---------- Data records ----------

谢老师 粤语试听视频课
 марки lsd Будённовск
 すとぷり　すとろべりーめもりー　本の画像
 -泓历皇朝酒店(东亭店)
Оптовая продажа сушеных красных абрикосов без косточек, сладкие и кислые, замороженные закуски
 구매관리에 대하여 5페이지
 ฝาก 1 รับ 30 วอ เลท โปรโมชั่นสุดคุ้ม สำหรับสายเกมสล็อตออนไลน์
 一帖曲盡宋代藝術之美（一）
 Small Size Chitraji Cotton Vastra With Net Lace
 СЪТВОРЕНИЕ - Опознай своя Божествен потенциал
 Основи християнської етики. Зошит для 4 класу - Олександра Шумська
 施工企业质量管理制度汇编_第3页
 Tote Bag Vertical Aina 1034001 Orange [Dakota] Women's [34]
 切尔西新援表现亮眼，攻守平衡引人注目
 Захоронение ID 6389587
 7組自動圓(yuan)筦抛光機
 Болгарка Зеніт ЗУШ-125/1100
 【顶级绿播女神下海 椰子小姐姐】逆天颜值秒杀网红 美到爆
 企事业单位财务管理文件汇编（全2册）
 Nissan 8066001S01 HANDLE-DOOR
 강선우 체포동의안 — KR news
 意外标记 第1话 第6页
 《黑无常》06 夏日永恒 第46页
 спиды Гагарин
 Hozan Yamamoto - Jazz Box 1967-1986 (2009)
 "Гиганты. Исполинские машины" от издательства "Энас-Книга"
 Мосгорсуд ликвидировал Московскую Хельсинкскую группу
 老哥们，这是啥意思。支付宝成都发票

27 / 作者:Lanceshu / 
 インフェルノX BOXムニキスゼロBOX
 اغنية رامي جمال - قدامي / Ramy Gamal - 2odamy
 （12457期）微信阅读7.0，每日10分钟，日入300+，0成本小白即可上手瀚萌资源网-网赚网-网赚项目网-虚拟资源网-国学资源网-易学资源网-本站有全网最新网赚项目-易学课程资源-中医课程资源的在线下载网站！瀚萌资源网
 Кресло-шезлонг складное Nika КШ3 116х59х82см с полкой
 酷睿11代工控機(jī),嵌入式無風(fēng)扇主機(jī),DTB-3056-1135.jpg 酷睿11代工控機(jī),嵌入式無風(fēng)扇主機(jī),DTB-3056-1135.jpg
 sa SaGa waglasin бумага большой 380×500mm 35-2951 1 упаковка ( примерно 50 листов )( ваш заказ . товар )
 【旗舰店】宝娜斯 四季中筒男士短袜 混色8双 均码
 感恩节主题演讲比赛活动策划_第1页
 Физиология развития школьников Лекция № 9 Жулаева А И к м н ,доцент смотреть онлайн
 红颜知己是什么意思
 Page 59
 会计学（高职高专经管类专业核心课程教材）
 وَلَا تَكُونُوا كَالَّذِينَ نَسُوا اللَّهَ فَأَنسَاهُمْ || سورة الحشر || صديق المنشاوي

----------

All records are to be printed again, exactly and completely.

谢老师 粤语试听视频课
 марки lsd Будённовск
 すとぷり　すとろべりーめもりー　本の画像
 -泓历皇朝酒店(东亭店)
Оптовая продажа сушеных красных абрикосов без косточек, сладкие и кислые, замороженные закуски
 구매관리에 대하여 5페이지
 ฝาก 1 รับ 30 วอ เลท โปรโมชั่นสุดคุ้ม สำหรับสายเกมสล็อตออนไลน์
 一帖曲盡宋代藝術之美（一）
 Small Size Chitraji Cotton Vastra With Net Lace
 СЪТВОРЕНИЕ - Опознай своя Божествен потенциал
 Основи християнської етики. Зошит для 4 класу - Олександра Шумська
 施工企业质量管理制度汇编_第3页
 Tote Bag Vertical Aina 1034001 Orange [Dakota] Women's [34]
 切尔西新援表现亮眼，攻守平衡引人注目
 Захоронение ID 6389587
 7組自動圓(yuan)筦抛光機
 Болгарка Зеніт ЗУШ-125/1100
 【顶级绿播女神下海 椰子小姐姐】逆天颜值秒杀网红 美到爆
 企事业单位财务管理文件汇编（全2册）
 Nissan 8066001S01 HANDLE-DOOR
 강선우 체포동의안 — KR news
 意外标记 第1话 第6页
 《黑无常》06 夏日永恒 第46页
 спиды Гагарин
 Hozan Yamamoto - Jazz Box 1967-1986 (2009)
 "Гиганты. Исполинские машины" от издательства "Энас-Книга"
 Мосгорсуд ликвидировал Московскую Хельсинкскую группу
 老哥们，这是啥意思。支付宝成都发票

27 / 作者:Lanceshu / 
 インフェルノX BOXムニキスゼロBOX
 اغنية رامي جمال - قدامي / Ramy Gamal - 2odamy
 （12457期）微信阅读7.0，每日10分钟，日入300+，0成本小白即可上手瀚萌资源网-网赚网-网赚项目网-虚拟资源网-国学资源网-易学资源网-本站有全网最新网赚项目-易学课程资源-中医课程资源的在线下载网站！瀚萌资源网
 Кресло-шезлонг складное Nika КШ3 116х59х82см с полкой
 酷睿11代工控機(jī),嵌入式無風(fēng)扇主機(jī),DTB-3056-1135.jpg 酷睿11代工控機(jī),嵌入式無風(fēng)扇主機(jī),DTB-3056-1135.jpg
 sa SaGa waglasin бумага большой 380×500mm 35-2951 1 упаковка ( примерно 50 листов )( ваш заказ . товар )
 【旗舰店】宝娜斯 四季中筒男士短袜 混色8双 均码
 感恩节主题演讲比赛活动策划_第1页
 Физиология развития школьников Лекция № 9 Жулаева А И к м н ,доцент смотреть онлайн
 红颜知己是什么意思
 Page 59
 会计学（高职高专经管类专业核心课程教材）
 وَلَا تَكُونُوا كَالَّذِينَ نَسُوا اللَّهَ فَأَنسَاهُمْ || سورة الحشر || صديق المنشاوي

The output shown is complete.